- _WORK INSTRUCTIONS_: Only the lines from the beginning of the entries through the one that holds "We're in Windows" may appear in the answer, written out exactly and free of pictures.

- _EXTRACTED DATA_:
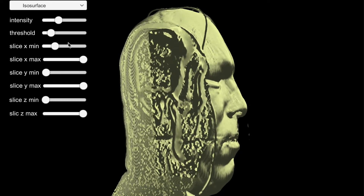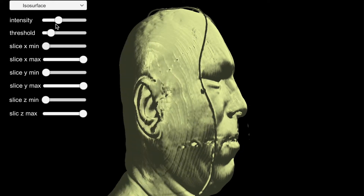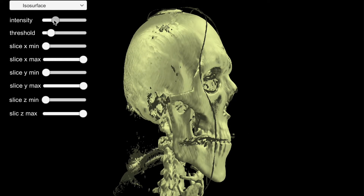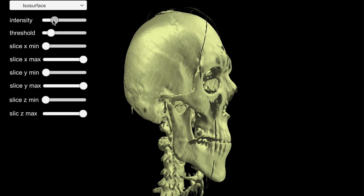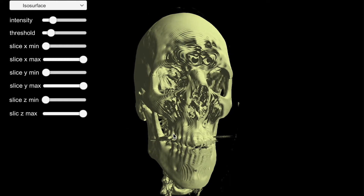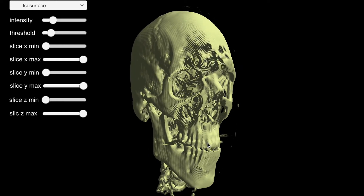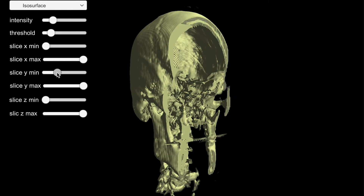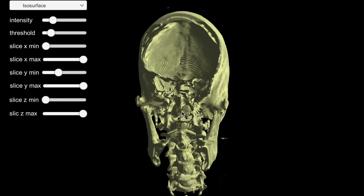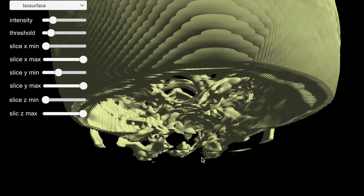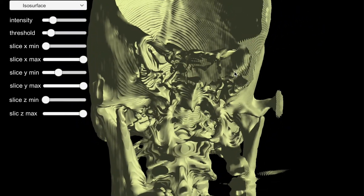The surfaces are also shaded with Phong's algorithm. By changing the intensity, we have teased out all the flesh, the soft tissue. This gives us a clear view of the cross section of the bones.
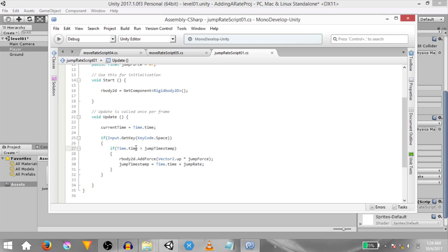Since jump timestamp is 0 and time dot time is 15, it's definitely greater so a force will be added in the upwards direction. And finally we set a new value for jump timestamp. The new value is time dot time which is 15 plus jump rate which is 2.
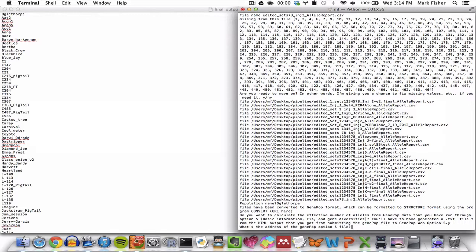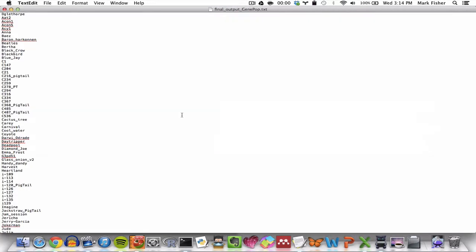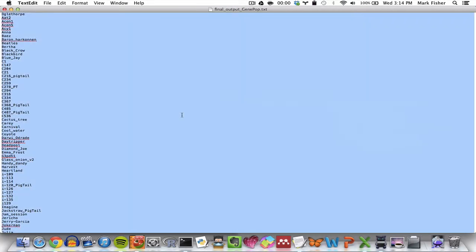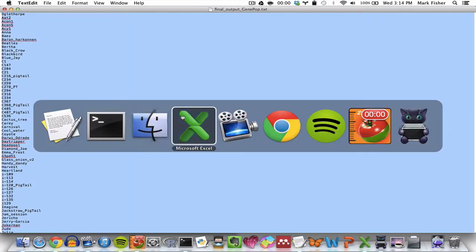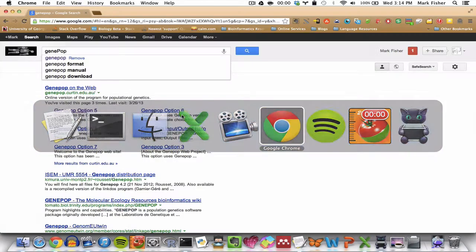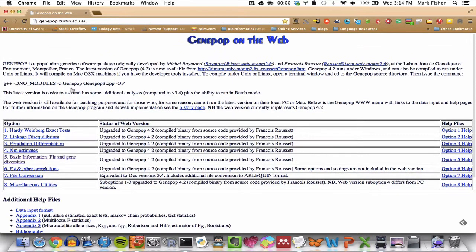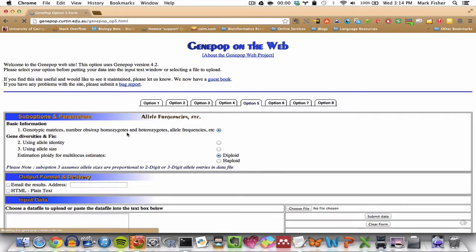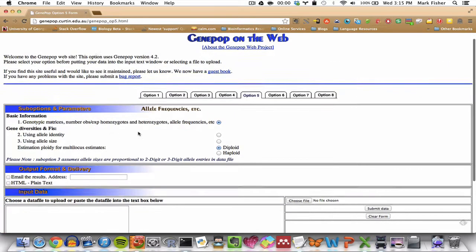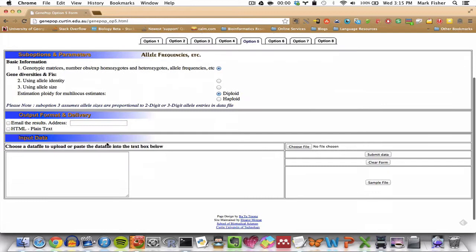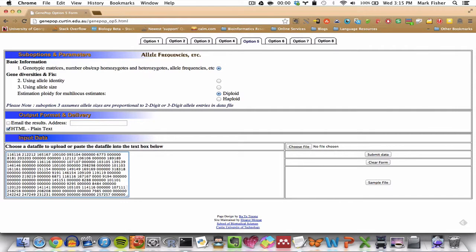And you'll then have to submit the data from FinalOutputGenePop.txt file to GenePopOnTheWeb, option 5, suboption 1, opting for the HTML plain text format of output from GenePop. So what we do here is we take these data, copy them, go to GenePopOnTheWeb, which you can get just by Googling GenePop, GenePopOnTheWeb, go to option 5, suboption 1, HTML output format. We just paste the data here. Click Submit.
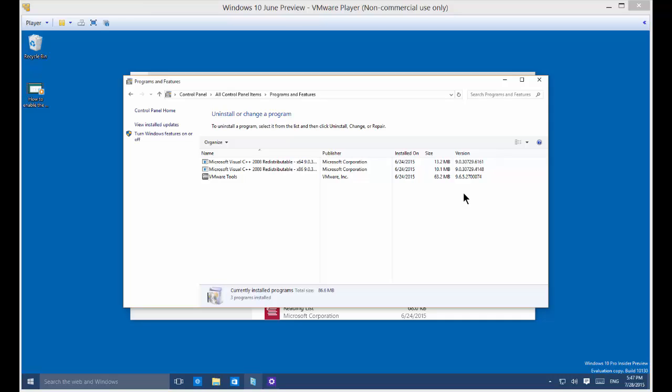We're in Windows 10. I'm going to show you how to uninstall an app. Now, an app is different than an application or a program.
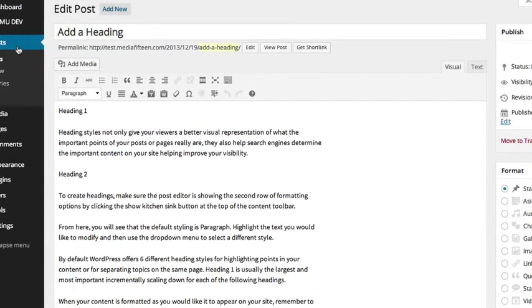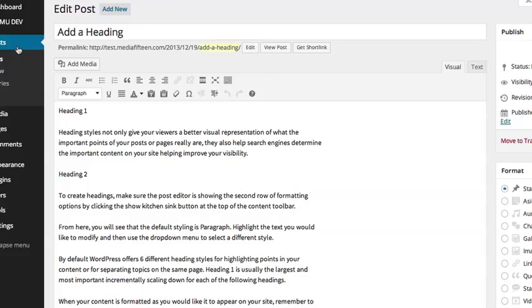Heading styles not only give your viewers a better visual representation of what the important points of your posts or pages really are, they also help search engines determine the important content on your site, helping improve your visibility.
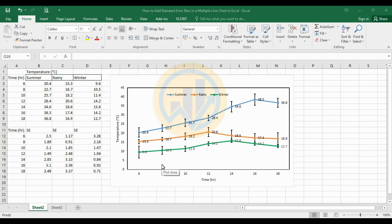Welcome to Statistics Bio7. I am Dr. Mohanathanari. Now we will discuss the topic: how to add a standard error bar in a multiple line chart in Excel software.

- _COMPLETED EXERCISE_:
The surfaces are also shaded with Phong's algorithm. By changing the intensity, we have teased out all the flesh, the soft tissue. This gives us a clear view of the cross section of the bones.
Since jump timestamp is 0 and time dot time is 15, it's definitely greater so a force will be added in the upwards direction. And finally we set a new value for jump timestamp. The new value is time dot time which is 15 plus jump rate which is 2.
And you'll then have to submit the data from FinalOutputGenePop.txt file to GenePopOnTheWeb, option 5, suboption 1, opting for the HTML plain text format of output from GenePop. So what we do here is we take these data, copy them, go to GenePopOnTheWeb, which you can get just by Googling GenePop, GenePopOnTheWeb, go to option 5, suboption 1, HTML output format. We just paste the data here. Click Submit.
We're in Windows 10. I'm going to show you how to uninstall an app. Now, an app is different than an application or a program.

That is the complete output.